Technically, this works for me as follows: A while ago, I came across the open source firewall software pfSense, based on the FreeBSD operating system. In order to install it, you need dedicated computer hardware, not just your WiFi or cable/DSL/whatever router. Fortunately, there is an extremely slick solution to this, if you are willing to invest about $200. ALIX systems are micro boards with AMD CPUs designed in Switzerland to run network devices, like wireless routers. I ordered mine from Mini-Box.com, which also sells aluminum enclosures for the boards. All you then need is a CF card (remember, those big cards used in early digital cameras?) to store your operating system on, which you can get from Amazon or the like.

My ALIX box, housing my pfSense firewall. CD-ROM for scale.
I'll spare us all the basics of setting up a pfSense firewall. There is plenty information out there on the Internet, and I have to admit that you should have a basic idea of what it is that I am talking about before you commit to setting up your own firewall. The remaining question that I had to piece together was how to set up a VPN server on the pfSense box that would forward all the traffic from my mobile devices (which, shockingly, are all Apple devices - an iPhone and iPad, and a MacBook Pro) to the firewall and from there to the Internet, and how to configure VPN clients on said mobile devices.

I chose to look at IPsec, one of several VPN technologies that pfSense supports, because there seems to be wide-spread, built-in support with many client operating systems. In particular, it appears that pfSense will work with Cisco IPsec clients, and everything that emulates such clients. There is a great how-to on the pfSense website, which includes both instructions for setting up an IPsec server on your pfSense firewall, and configuring the client side of things. What it doesn't tell you is that when defining the Phase 2 of the IPsec tunnel, you need to select "none" for the local network in order to force the client to route all traffic through the VPN server, and that you need to disable the advertising of available networks to clients. (Otherwise, the client will connect to the VPN server on the firewall, but will only route traffic to it that is destined for the local home network, rather than all traffic that is originating from the client.) At least those were the configuration settings that I was initially missing for success.

Now, whenever I'm using a wireless network that I don't trust (which are most of them ;-)), I'll use the native iOS or OS X client to establish an IPsec connection to my firewall at home, and can care a little less about who else is connected to the same hotspot. (Somebody should comment here on how to set up clients on other operating systems, like Windows and Android...)

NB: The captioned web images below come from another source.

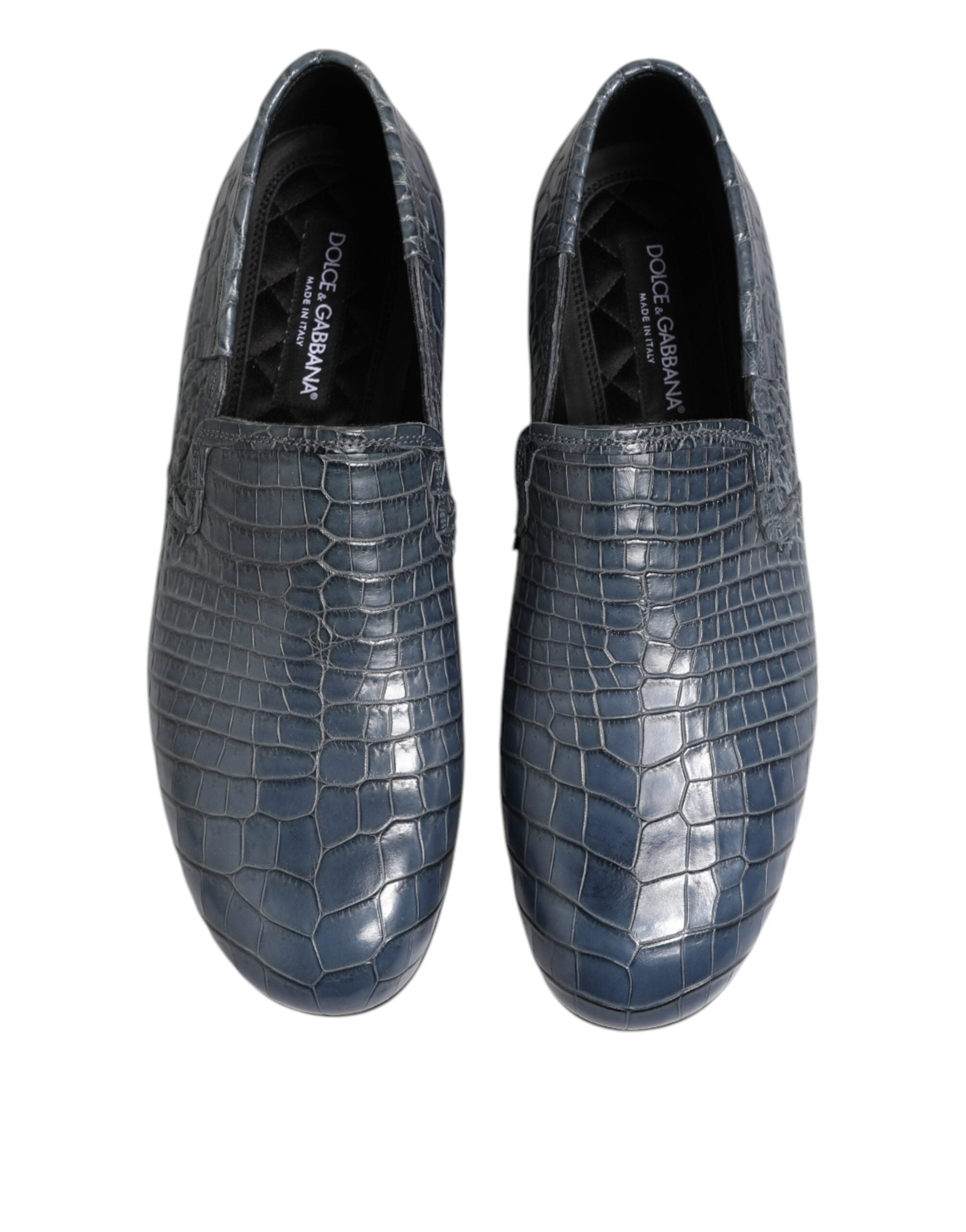 Blue Exotic Leather Slip-On Loafers Men's Dress Shoes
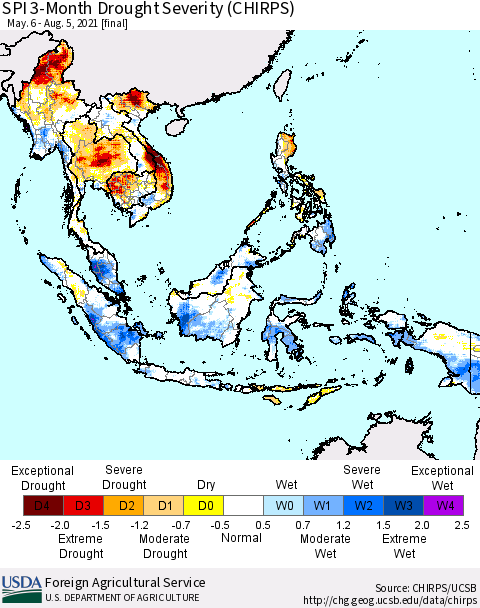 South East Asia SPI 3-Month Drought Severity (CHIRPS) Thematic Map For 5/6/2021 - 8/5/2021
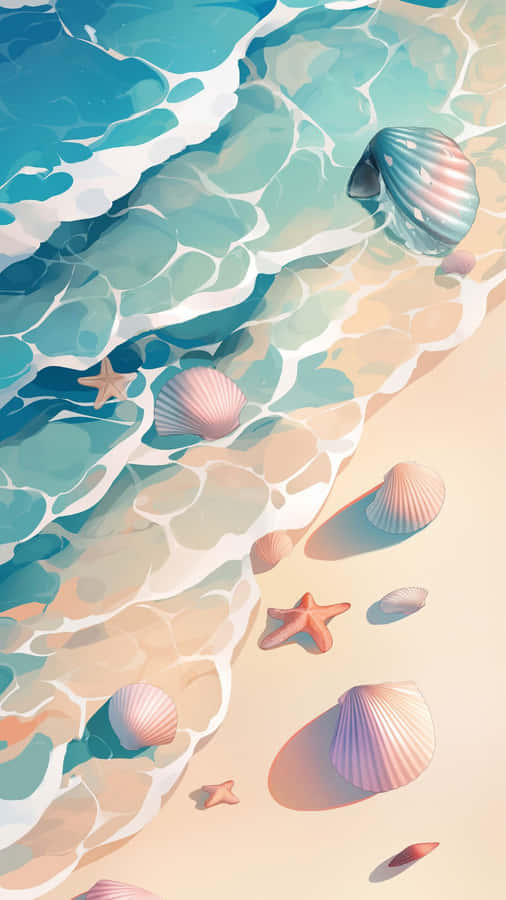 Cute Ocean Shells And Starfish Wallpaper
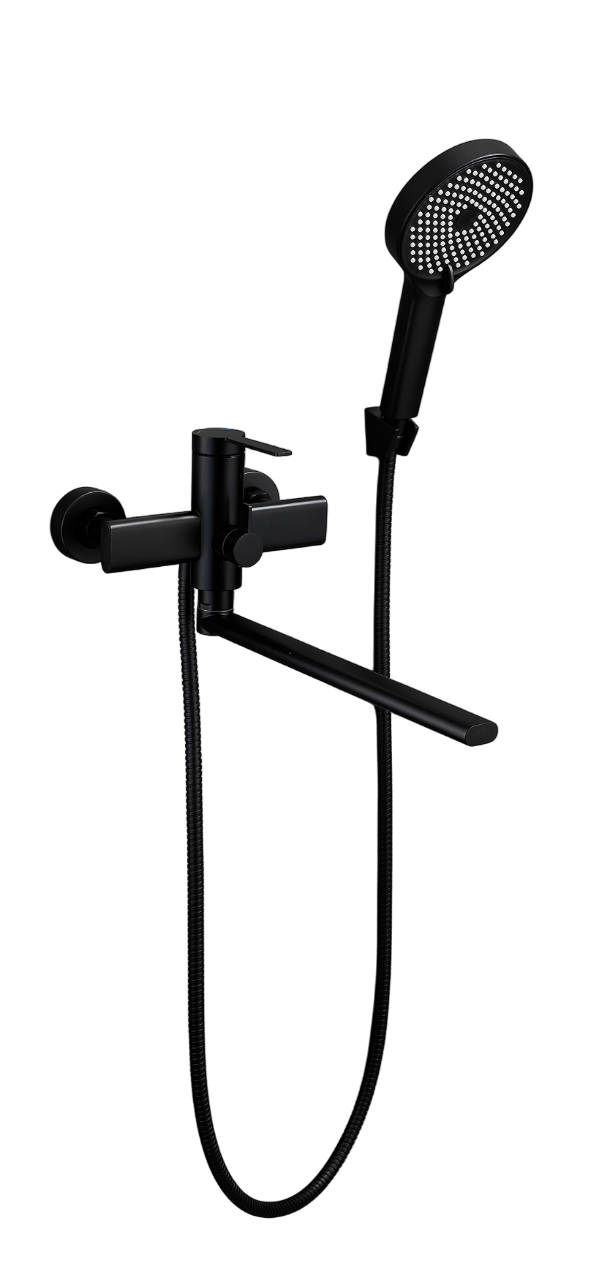 

Смеситель с длинным изливом для ванны BELZ B813 B22813-7 черный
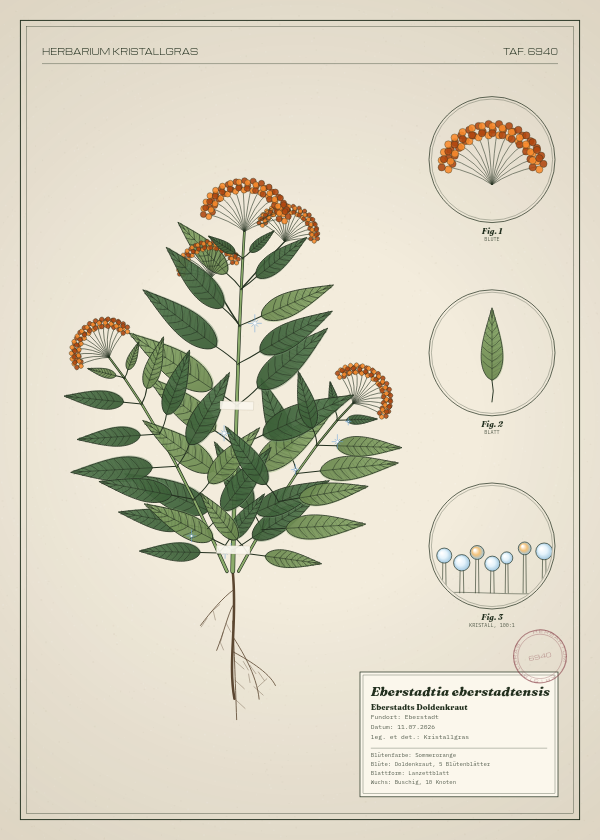 Botanische Tafel: Eberstadtia eberstadtensis, eine erfundene Pflanze aus Eberstadt, gezeichnet wie in einem alten Pflanzenatlas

Other side effects? Circumventing filtering mechanisms of whoever is controlling the part of the Internet that I'm currently connected to. As long as I can establish the VPN tunnel to my home firewall, all traffic channeled through it is (only) subject to the filtering that my home network is exposed to. Which, in the US, is to date rightfully not much.

There are, of course, some unknowns remaining. If my mobile device isn't protected properly against active attacks from the network I'm connected to, establishing a VPN tunnel won't help me with that. A personal firewall (on full-fledged devices) or faith (in case of mobile devices) may. And attackers can still get to me in other ways. And of course, if somebody is motivated enough to actually infiltrate more central parts of the Internet in order to get to my networking sessions, this won't help either. My IPsec tunnels are just addressing one particular risk out of many.